Mongla is built on well-established robotics, control theory, and computer vision foundations. These are the primary sources for the concepts used.
Proportional-Integral-Derivative control — the foundation of depth and heading stabilisation. ArduSub implements cascaded PID (angle → rate) for attitude and altitude.
Extended Kalman Filter fuses IMU, magnetometer, barometer, and (optionally) DVL to produce the vehicle's pose estimate. ArduSub EKF3 runs at 400 Hz onboard Pixhawk.
You Only Look Once — single-pass CNN for real-time detection. YOLO v26 on Jetson GPU delivers ~30 Hz detection of gates, buoys, bins, and other RoboSub objects.

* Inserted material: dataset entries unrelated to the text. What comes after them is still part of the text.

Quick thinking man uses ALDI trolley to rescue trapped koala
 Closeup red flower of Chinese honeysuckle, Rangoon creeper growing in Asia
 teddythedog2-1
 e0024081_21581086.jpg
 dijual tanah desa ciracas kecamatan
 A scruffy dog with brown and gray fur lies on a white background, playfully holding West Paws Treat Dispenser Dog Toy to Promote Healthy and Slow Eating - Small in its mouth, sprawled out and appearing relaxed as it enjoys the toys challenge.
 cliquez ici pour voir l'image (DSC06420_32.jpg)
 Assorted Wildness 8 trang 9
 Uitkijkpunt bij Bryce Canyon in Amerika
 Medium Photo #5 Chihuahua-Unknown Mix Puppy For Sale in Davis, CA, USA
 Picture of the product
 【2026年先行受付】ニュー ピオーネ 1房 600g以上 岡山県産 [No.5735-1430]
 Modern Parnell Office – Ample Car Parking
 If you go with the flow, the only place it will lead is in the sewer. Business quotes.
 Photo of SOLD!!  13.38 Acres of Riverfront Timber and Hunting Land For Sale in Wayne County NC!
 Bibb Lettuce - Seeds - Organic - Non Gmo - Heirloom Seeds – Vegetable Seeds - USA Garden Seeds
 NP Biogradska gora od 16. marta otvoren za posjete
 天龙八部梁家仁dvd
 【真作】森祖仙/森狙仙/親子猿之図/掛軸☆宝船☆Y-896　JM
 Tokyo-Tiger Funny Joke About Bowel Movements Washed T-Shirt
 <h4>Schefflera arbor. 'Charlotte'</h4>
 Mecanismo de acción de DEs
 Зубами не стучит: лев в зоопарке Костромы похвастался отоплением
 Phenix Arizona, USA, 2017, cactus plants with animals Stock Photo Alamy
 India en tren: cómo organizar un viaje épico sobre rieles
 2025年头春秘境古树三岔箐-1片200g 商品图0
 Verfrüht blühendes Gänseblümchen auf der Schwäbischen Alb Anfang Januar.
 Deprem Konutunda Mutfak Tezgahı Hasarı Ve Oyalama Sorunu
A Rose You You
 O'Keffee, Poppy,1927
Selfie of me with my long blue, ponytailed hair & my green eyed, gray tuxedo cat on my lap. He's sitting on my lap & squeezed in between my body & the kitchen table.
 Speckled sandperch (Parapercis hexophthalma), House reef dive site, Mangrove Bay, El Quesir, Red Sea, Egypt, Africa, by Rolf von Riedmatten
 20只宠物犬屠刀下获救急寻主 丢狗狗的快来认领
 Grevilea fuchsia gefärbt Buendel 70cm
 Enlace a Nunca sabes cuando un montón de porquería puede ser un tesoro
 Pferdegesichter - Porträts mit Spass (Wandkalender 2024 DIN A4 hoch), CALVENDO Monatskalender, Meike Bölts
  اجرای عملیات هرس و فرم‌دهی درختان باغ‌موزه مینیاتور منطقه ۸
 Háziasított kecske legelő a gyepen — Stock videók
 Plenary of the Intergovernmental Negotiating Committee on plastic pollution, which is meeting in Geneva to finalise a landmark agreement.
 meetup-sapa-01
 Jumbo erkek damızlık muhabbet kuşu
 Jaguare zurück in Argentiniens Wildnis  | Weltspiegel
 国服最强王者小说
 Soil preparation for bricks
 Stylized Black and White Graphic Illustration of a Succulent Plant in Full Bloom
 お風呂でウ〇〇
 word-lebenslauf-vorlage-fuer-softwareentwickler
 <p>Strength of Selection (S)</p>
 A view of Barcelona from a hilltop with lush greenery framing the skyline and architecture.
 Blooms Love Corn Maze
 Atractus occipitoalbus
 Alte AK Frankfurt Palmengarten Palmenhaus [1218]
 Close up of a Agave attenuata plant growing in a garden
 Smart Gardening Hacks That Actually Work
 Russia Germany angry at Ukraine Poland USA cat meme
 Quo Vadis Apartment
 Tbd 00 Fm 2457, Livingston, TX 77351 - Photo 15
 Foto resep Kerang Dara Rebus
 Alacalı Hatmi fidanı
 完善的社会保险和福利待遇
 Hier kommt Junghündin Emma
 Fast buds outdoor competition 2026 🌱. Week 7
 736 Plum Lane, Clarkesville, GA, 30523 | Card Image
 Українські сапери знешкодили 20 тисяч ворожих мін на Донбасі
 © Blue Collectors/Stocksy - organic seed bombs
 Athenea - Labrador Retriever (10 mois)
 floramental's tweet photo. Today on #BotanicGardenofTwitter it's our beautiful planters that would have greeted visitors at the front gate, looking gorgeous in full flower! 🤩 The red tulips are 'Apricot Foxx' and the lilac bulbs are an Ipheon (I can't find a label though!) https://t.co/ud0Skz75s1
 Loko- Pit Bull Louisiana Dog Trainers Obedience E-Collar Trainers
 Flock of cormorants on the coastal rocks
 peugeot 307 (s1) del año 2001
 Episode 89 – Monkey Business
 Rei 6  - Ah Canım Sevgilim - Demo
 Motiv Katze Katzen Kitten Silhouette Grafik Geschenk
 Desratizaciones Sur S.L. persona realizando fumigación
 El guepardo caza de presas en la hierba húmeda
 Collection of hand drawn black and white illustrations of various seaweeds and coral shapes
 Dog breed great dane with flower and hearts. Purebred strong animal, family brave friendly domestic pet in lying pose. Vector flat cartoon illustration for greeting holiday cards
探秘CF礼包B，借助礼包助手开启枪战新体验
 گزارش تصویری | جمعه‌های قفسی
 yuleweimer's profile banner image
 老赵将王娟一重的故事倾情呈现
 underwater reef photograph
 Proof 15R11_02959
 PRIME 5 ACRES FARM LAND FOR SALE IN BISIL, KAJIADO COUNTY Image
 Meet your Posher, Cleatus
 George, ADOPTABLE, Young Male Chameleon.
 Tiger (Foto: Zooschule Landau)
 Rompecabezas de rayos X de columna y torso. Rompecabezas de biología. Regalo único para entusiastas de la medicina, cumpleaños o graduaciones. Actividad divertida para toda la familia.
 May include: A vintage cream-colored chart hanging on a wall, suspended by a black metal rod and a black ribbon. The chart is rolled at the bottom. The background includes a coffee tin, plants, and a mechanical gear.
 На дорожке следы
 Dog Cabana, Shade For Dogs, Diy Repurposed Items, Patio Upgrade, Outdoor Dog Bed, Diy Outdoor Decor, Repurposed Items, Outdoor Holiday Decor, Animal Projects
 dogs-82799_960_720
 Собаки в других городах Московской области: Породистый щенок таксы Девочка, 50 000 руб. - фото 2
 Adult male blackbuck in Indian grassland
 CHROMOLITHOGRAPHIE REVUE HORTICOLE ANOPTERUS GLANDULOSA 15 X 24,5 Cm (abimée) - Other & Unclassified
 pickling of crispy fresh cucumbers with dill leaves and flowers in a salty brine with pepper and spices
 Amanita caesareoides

ByteTrack associates every detection (not just high-confidence ones) to tracks, bridging occlusion gaps. Per-track Kalman smooths bounding box jitter for stable vision control.
Doppler Velocity Log measures velocity relative to seabed via acoustic Doppler shift. Integrating v(t) over time gives position — enabling GPS-denied closed-loop distance moves.
Robot Operating System 2 (Humble) provides pub/sub, actions, and parameters. MAVLink is a lightweight binary protocol used to command ArduSub and receive telemetry.